Mooney is a member of the National Academy of Sciences and former president of the Ecological Society of America. He was awarded the institute’s 2000 Nevada Medal – a silver medallion and $10,000 prize presented to a national leader in science or engineering.
Protests at the World Trade Organization meeting in Seattle sent an important message ”that some of these environmental issues related to trade need to be addressed,” Mooney said.
”All the continents have been put back together” as a result of the global economy and the modern air and shipping routes that connect them, he said.
Mooney said he’d like to see the WTO change the burden of proof so that someone shipping an exotic plant or animal into another country would have to ”demonstrate it won’t do any damage before you let it in.
”The way the rules are written now, in order for a nation to block something from coming in they have to show it will cause damage,” he said.
”Science isn’t up to that task.
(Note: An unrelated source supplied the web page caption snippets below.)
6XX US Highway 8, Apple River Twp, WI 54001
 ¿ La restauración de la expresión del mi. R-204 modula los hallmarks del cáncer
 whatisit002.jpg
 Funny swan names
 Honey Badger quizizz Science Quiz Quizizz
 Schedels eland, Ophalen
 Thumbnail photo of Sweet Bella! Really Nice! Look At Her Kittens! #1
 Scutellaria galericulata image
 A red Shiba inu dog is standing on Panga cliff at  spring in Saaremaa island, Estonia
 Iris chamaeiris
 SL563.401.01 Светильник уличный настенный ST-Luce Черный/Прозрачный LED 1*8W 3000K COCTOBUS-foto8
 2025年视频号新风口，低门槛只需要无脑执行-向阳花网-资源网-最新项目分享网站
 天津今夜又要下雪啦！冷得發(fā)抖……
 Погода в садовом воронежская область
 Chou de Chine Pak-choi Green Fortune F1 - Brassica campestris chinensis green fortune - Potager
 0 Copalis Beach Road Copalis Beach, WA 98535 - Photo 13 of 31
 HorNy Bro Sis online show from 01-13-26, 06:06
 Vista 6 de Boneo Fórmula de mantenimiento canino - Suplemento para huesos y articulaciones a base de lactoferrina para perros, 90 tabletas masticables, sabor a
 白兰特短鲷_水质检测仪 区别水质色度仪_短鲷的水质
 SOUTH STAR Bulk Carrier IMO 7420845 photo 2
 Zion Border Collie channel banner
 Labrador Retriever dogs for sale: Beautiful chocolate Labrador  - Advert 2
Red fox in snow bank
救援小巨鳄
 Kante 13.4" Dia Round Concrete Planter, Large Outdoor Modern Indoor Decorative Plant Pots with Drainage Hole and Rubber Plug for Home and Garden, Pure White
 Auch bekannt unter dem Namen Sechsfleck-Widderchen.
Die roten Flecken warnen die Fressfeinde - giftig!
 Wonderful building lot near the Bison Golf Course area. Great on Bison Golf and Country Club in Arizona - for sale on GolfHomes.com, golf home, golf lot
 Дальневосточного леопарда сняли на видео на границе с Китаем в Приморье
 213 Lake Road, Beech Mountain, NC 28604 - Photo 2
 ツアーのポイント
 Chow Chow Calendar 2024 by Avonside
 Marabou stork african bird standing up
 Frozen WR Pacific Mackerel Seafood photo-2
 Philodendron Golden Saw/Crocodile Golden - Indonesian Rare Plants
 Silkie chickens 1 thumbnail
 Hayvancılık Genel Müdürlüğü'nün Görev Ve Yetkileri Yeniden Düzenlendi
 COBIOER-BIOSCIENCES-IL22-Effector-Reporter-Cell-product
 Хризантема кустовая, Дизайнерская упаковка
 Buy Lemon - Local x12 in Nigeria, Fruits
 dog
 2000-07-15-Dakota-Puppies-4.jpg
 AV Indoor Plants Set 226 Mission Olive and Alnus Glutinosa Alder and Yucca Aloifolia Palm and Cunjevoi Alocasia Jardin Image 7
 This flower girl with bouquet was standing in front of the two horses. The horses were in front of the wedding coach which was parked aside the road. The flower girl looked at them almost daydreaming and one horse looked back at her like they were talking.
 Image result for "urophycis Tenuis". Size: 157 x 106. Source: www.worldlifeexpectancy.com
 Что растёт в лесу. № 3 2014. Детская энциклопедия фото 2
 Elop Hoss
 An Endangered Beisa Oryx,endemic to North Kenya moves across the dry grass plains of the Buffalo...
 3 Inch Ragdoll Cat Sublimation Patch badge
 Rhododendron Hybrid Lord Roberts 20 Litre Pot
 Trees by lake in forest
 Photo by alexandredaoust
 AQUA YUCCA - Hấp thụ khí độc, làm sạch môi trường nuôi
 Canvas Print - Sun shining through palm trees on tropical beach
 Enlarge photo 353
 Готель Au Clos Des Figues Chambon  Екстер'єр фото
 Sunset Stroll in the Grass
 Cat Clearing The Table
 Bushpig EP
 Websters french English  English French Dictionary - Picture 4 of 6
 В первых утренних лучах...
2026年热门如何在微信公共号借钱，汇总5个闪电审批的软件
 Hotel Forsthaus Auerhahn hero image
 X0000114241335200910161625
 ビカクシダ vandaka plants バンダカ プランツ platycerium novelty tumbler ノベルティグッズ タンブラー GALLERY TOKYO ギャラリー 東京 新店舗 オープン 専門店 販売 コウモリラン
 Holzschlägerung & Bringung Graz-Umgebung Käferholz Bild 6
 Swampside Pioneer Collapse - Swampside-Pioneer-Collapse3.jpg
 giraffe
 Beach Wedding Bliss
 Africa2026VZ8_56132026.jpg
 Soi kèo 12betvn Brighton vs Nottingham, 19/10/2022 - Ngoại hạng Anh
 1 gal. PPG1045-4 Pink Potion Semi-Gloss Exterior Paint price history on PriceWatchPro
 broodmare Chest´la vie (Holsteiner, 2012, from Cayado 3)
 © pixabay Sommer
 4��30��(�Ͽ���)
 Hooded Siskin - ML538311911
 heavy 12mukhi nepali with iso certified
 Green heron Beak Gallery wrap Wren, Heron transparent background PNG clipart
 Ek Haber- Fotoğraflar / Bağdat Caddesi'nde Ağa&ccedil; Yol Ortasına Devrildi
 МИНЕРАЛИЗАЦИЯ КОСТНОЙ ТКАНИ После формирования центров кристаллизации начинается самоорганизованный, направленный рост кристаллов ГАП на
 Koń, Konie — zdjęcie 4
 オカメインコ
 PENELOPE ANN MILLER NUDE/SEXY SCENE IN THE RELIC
We can’t predict when and where invasions will occur. … And what we have to lose is too great,” he said.
Mooney said the problem with cheatgrass overtaking sage brush in Nevada and other parts of the West ”isn’t peculiar to here.”
It’s typical of other places in the world where woody vegetation – in this case sagebrush – is cleared off the land as the result of some disturbance, he said.
Grasslands that are more susceptible to fire replace the vegetation and in turn catch fire, burning more of the woody material and replacing it again with more grasses, and so on in a cycle, he said.